DATA FOR REVIEW START

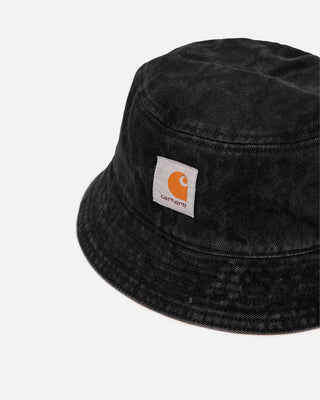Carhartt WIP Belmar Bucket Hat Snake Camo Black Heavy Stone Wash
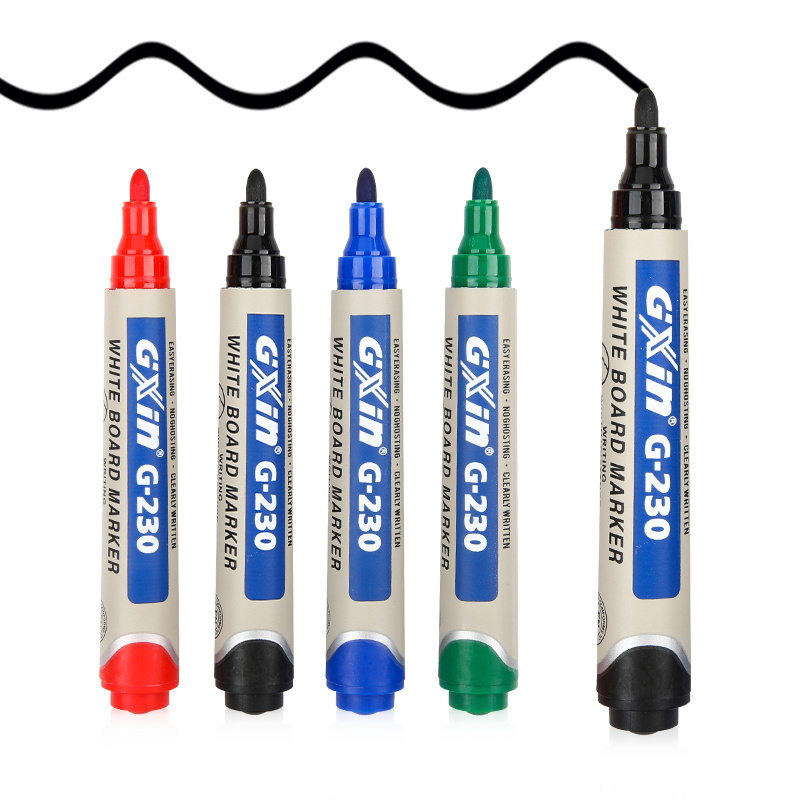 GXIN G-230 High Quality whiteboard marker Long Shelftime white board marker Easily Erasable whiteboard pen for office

DATA FOR REVIEW END
DATA FOR REVIEW START

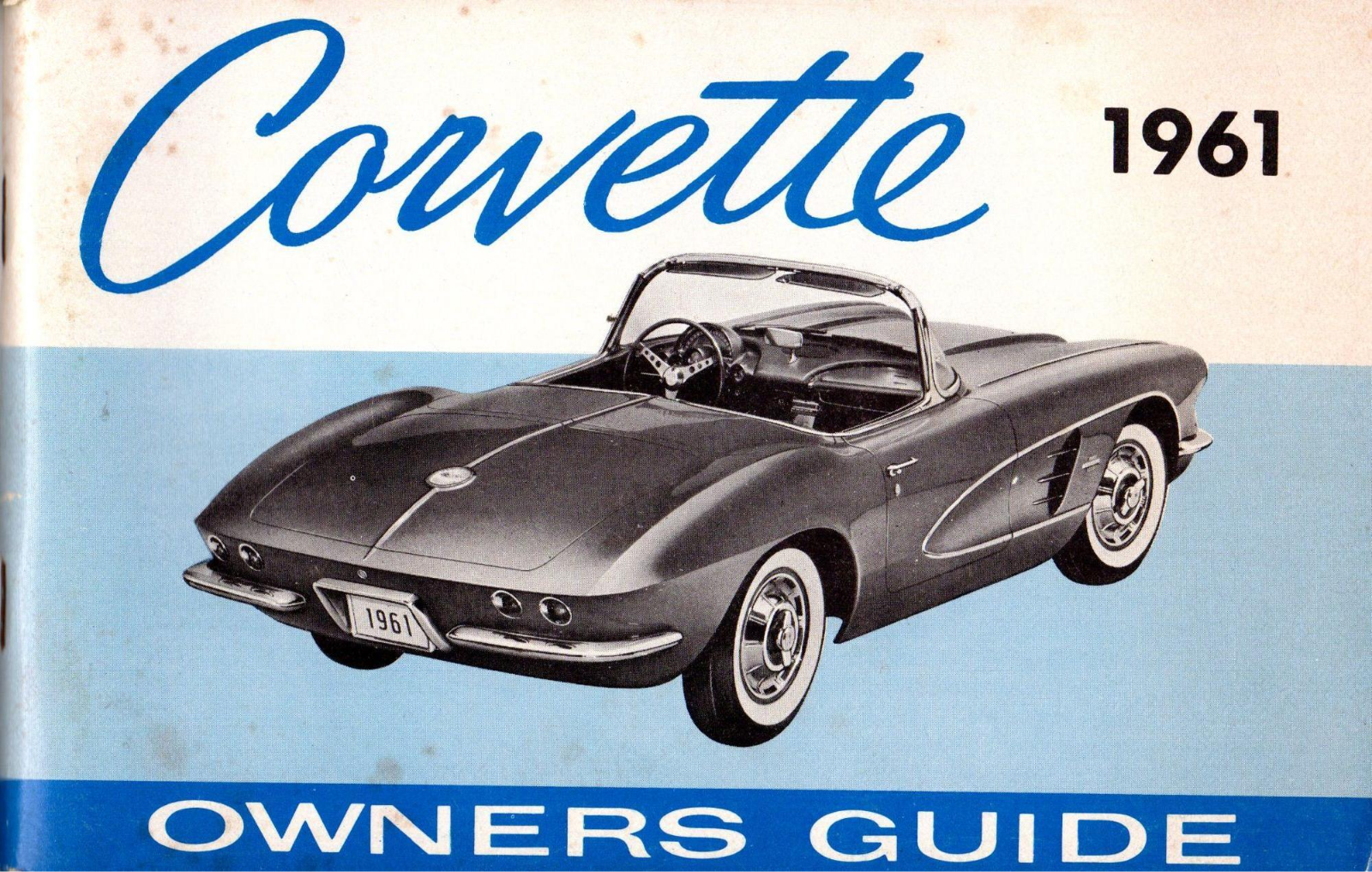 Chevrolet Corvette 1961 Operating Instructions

DATA FOR REVIEW END
DATA FOR REVIEW START

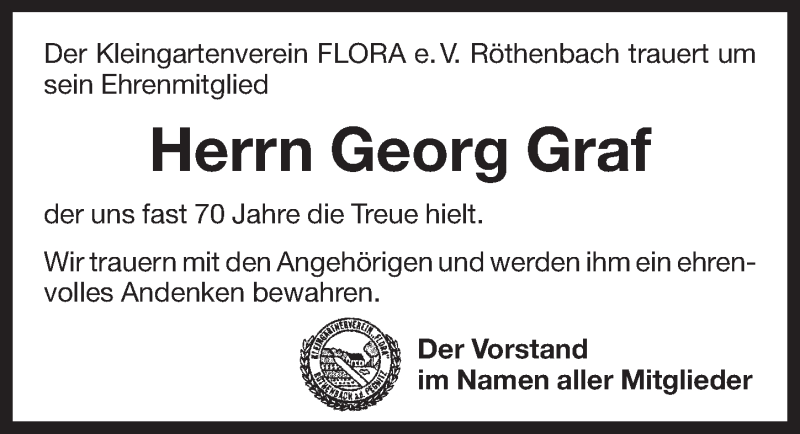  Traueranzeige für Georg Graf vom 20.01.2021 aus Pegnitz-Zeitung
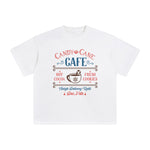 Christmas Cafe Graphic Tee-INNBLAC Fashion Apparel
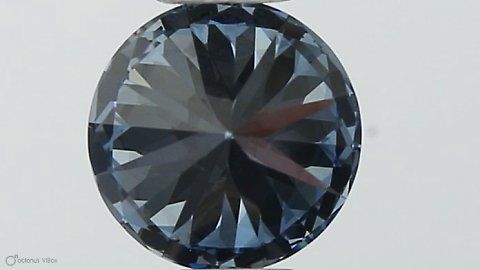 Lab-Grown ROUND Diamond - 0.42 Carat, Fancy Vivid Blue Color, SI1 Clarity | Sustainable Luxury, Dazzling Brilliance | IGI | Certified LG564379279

DATA FOR REVIEW END

From the records above, copy only the lines running from the line containing "Traueranzeige für Georg" to the line containing "Lab-Grown ROUND Diamond", both ends included. Leave the pictures out.

:: RESPONSE AREA ::
  Traueranzeige für Georg Graf vom 20.01.2021 aus Pegnitz-Zeitung
 Christmas Cafe Graphic Tee-INNBLAC Fashion Apparel
 Lab-Grown ROUND Diamond - 0.42 Carat, Fancy Vivid Blue Color, SI1 Clarity | Sustainable Luxury, Dazzling Brilliance | IGI | Certified LG564379279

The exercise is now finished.